In 2010, the US passed something called the Foreign Accounts Tax Compliance Act (FATCA). The law is to take effect globally on July 1, 2014. It casts a wide net, applies extraterritorially to any country where a potentially tax-withholding former (or current American) may be hiding out to cheat Uncle Sam. No one has a problem with ferreting out tax cheats. I think Canada needs to do more to track down off-shore tax havens for money that should be taxed here. But FATCA creates problems for people who have no income to be paid to the US, but who may end up in a costly ordeal to prove that is the case.
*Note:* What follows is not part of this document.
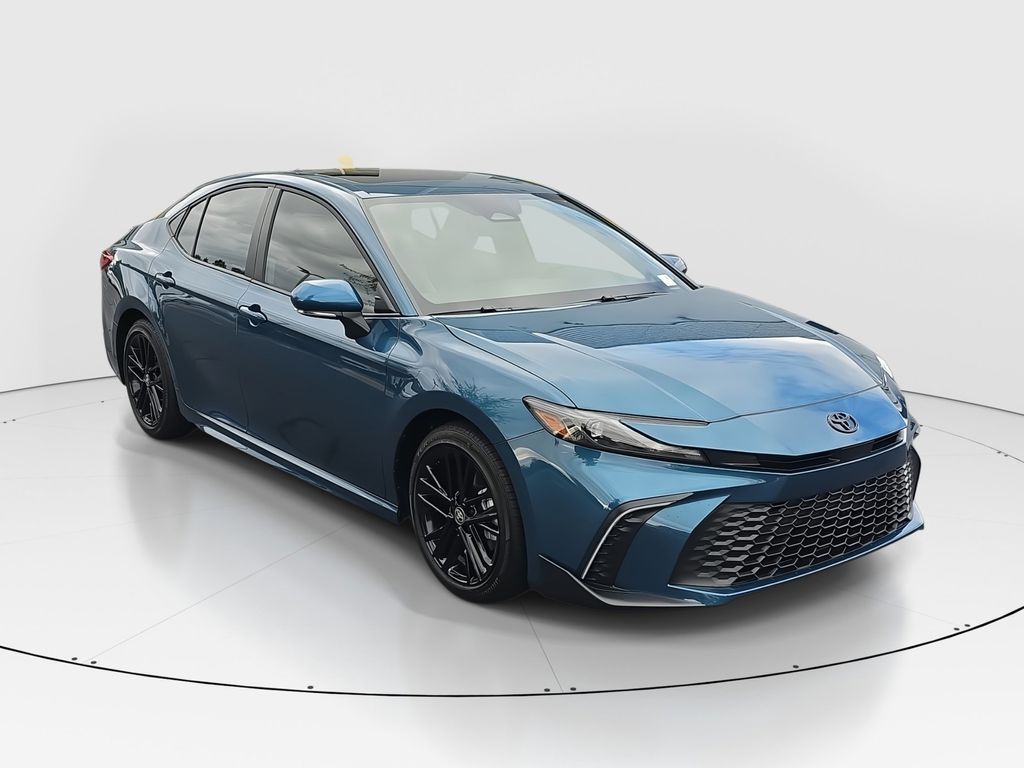 2025 Toyota Camry photo 3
Initially, Finance Minister Jim Flaherty resisted US demands for information on Canadian bank accounts held by people with possible US ties. Since 1996, Canada and the US have very workable rules that allow for reciprocal sharing of tax information. The notion that more invasive, lop-sided rules to benefit the US were needed was resisted. The US made serious threats against Canadian financial institutions, and finally Canada cried ‘uncle’.
The concessions won by Canada amount to only exempting certain kinds of accounts the US thought it might like to tax—so RRSPs and RESPs and other accounts have been carved out of the agreement. Canada negotiated an Intergovernmental Agreement (IGA) and said we would sort out providing all the information the IRS wants. The new IGA is to be implemented by a ‘Canada–United States Enhanced Tax Information Exchange’ (Implementation Act).
I made an Access to Information request last year on FATCA and uncovered a very interesting piece of legal advice to Finance Canada. On December 12, 2012, Canada’s leading constitutional law scholar, Professor Peter Hogg, had warned that, in his view, any law that purported to treat some citizens differently from other citizens will violate the section 15 Charter protections for equal treatment under the law.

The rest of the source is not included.